>>
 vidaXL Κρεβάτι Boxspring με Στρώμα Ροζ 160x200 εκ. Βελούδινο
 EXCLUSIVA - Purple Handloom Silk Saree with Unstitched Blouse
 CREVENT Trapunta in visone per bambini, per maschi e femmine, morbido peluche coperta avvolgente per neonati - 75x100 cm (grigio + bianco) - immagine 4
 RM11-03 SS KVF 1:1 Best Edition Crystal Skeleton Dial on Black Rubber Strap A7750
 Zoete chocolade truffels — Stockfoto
<<
>>
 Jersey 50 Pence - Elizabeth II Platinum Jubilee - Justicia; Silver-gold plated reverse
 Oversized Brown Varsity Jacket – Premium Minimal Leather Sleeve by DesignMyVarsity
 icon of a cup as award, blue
<<
* [About this exercise]
Proceeding from the line containing "CREVENT Trapunta in" through the line containing "Zoete chocolade truffels — Stockfoto", transcribe the lines above exactly, both end lines included.

* [Output for this exercise]
 CREVENT Trapunta in visone per bambini, per maschi e femmine, morbido peluche coperta avvolgente per neonati - 75x100 cm (grigio + bianco) - immagine 4
 RM11-03 SS KVF 1:1 Best Edition Crystal Skeleton Dial on Black Rubber Strap A7750
 Zoete chocolade truffels — Stockfoto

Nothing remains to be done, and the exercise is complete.